People and hounds go way back — they were living together at least 15,000 years ago, or 5,000 years before cows, goats and pigs arrived — but how, why, when and where the two species got friendly has been a mystery.
It was widely believed dogs were tamed just once, with some experts claiming this happened in Europe and others favouring central Asia or China.
But a new story emerged when researchers used the inner ear bone from a 4,800-year-old dog unearthed in Ireland to sequence its full genome, and then compared it to both modern animals and DNA traces from 59 ancient dogs.
“Our data suggests that dogs were domesticated twice, on both sides of the Old World,” said Laurent Frantz, a geneticist at the University of Oxford, whose work was published in the journal Science.
“This suggests that at least two group of humans independently came to the same conclusion: dogs can be domesticated. It also suggests that the process of domestication, while mostly rare, may be replicated more often than we think.”
After constructing a family tree for dogs based on the genetic data, the scientists concluded there were very old domesticated animals in both the east and west of Eurasia but not in the middle.
At some point in prehistory, they believe the eastern dogs dispersed with human migrants and replaced most of the western ones, so Asian ancestry is now dominant in modern dogs.

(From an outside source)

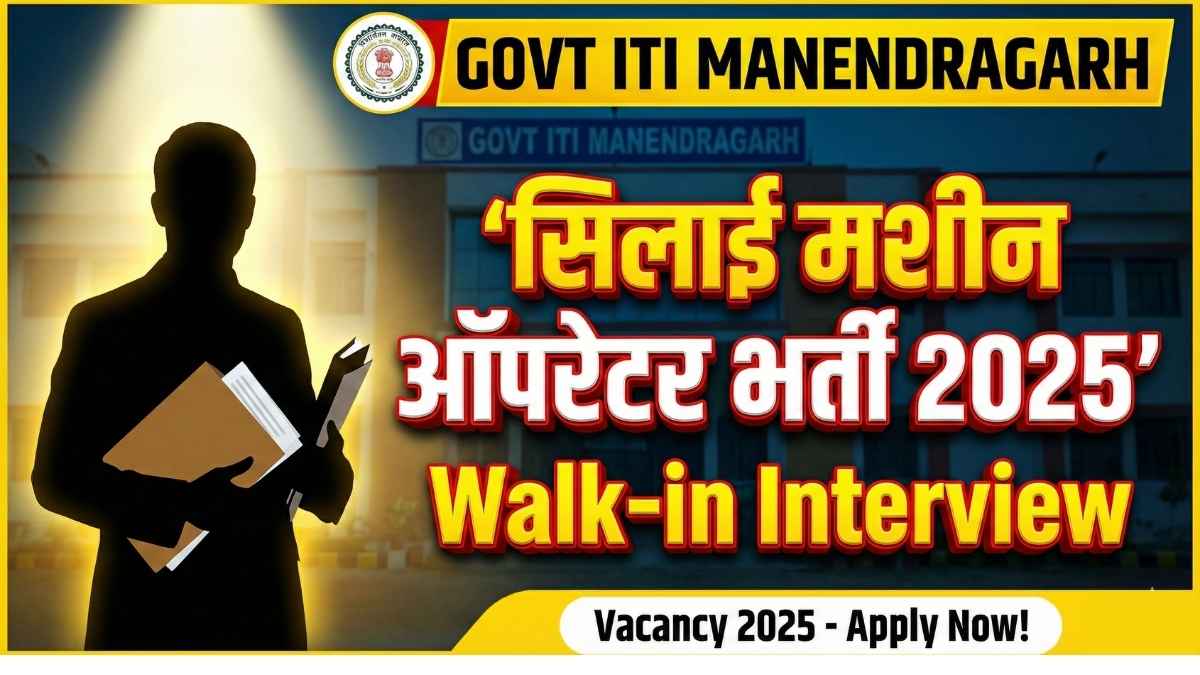 Govt ITI Manendragarh Vacancy 2025  सिलाई मशीन ऑपरेटर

Although it is possible there was only one domestication event in Asia, followed by early transportation to Europe, the research team argues the lack of archaeological evidence for dogs in the middle of the continent makes this very unlikely.
Other scientists not involved in the work believe more samples from ancient dogs and wolves will be needed to prove the point conclusively.
What remains unclear is how grey wolves started down the long road that has ended up with today’s kaleidoscope of dog breeds from Afghan hounds to Yorkshire terriers.
The idea that it began with a hunter-gatherer picking up a wolf pup and breeding tamer and tamer offspring is probably too simple, according to Greger Larson, a genetics expert in Oxford’s archaeology department.
“It’s likely to have been co-evolution. At first a pack of wolves got close to humans, then humans got used to the wolves and, finally, there would have been something more intentional on the part of people,” he said.